REQUIRED ACTION: Leave out the images and return all the data word for word.

DATA BELOW:
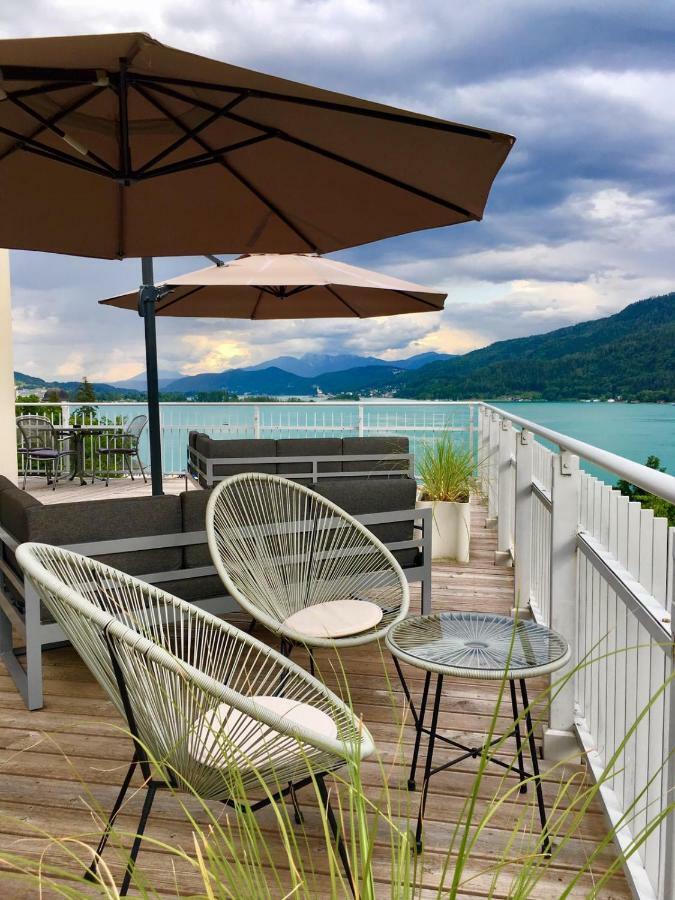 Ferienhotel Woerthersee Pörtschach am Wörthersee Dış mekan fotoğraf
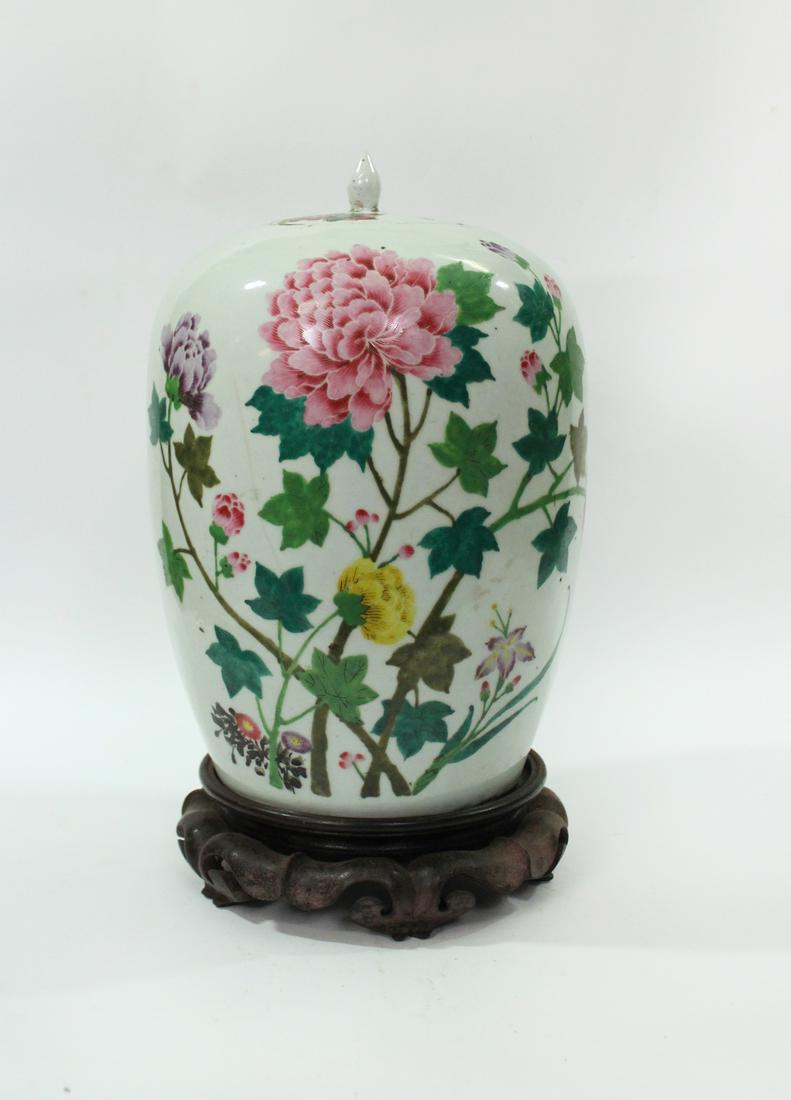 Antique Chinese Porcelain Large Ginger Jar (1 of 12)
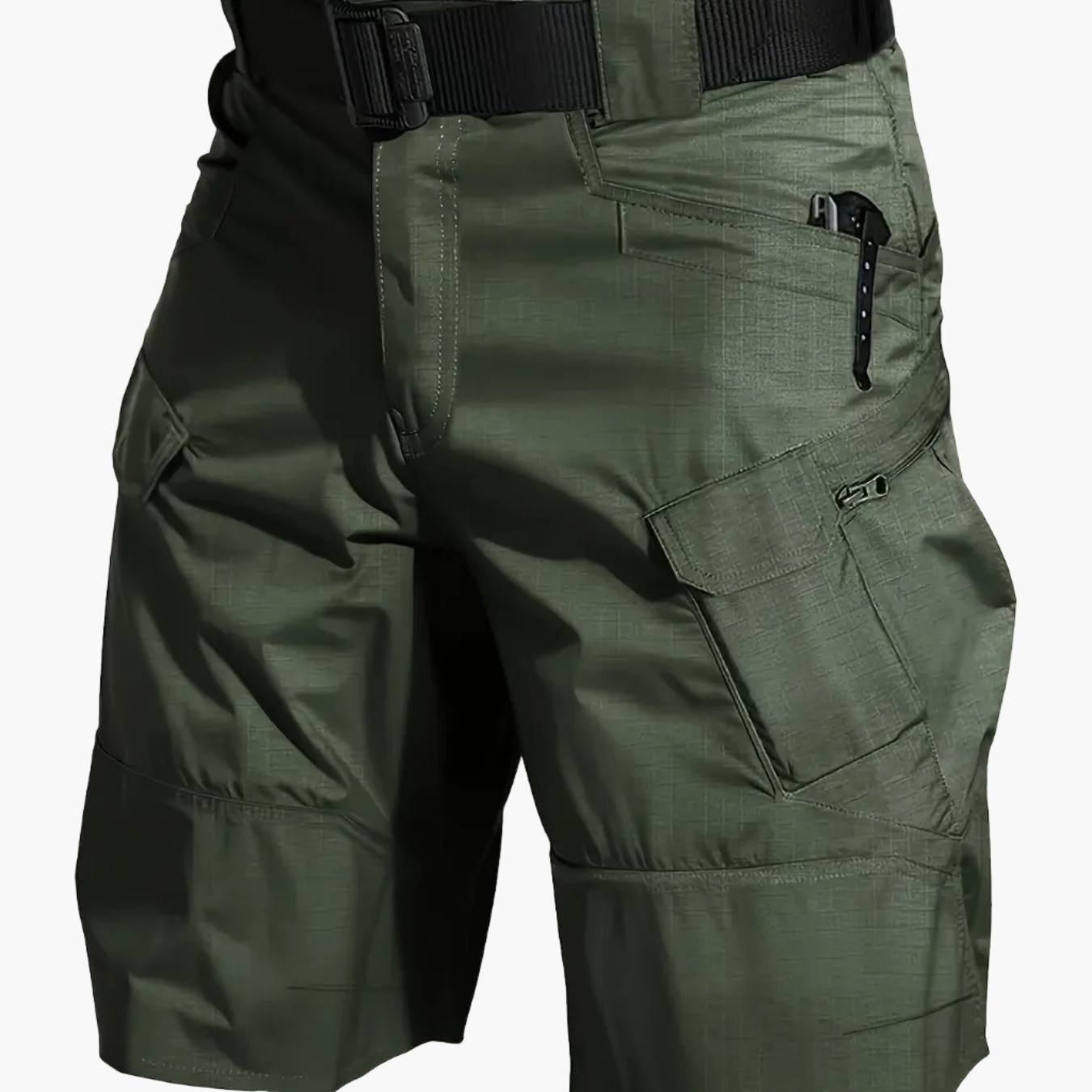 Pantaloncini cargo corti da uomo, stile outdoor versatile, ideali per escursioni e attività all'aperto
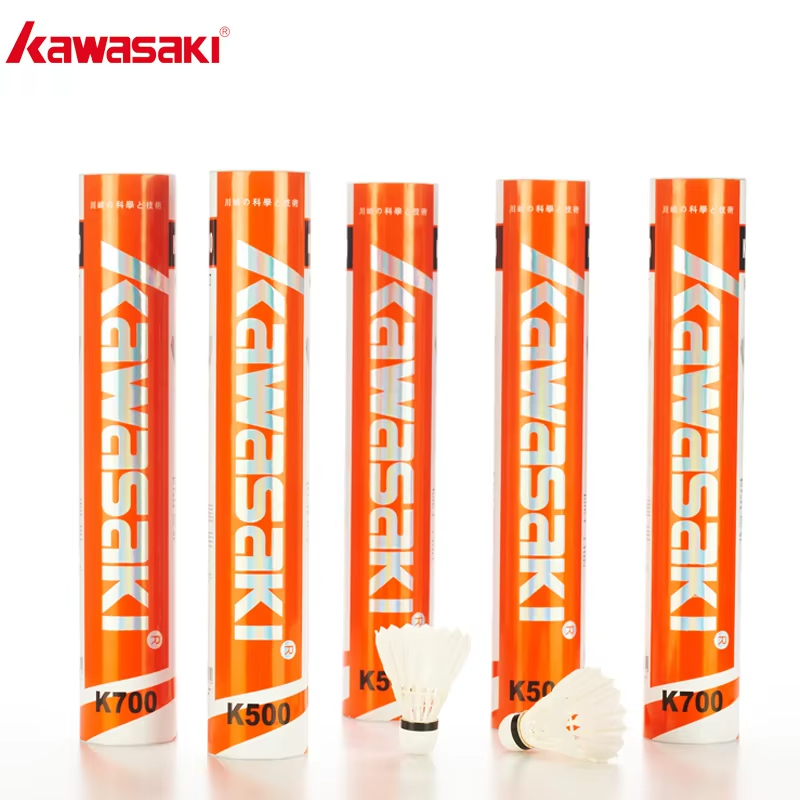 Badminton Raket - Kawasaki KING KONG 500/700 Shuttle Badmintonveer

RESPONSE BELOW:
 Ferienhotel Woerthersee Pörtschach am Wörthersee Dış mekan fotoğraf
 Antique Chinese Porcelain Large Ginger Jar (1 of 12)
 Pantaloncini cargo corti da uomo, stile outdoor versatile, ideali per escursioni e attività all'aperto
 Badminton Raket - Kawasaki KING KONG 500/700 Shuttle Badmintonveer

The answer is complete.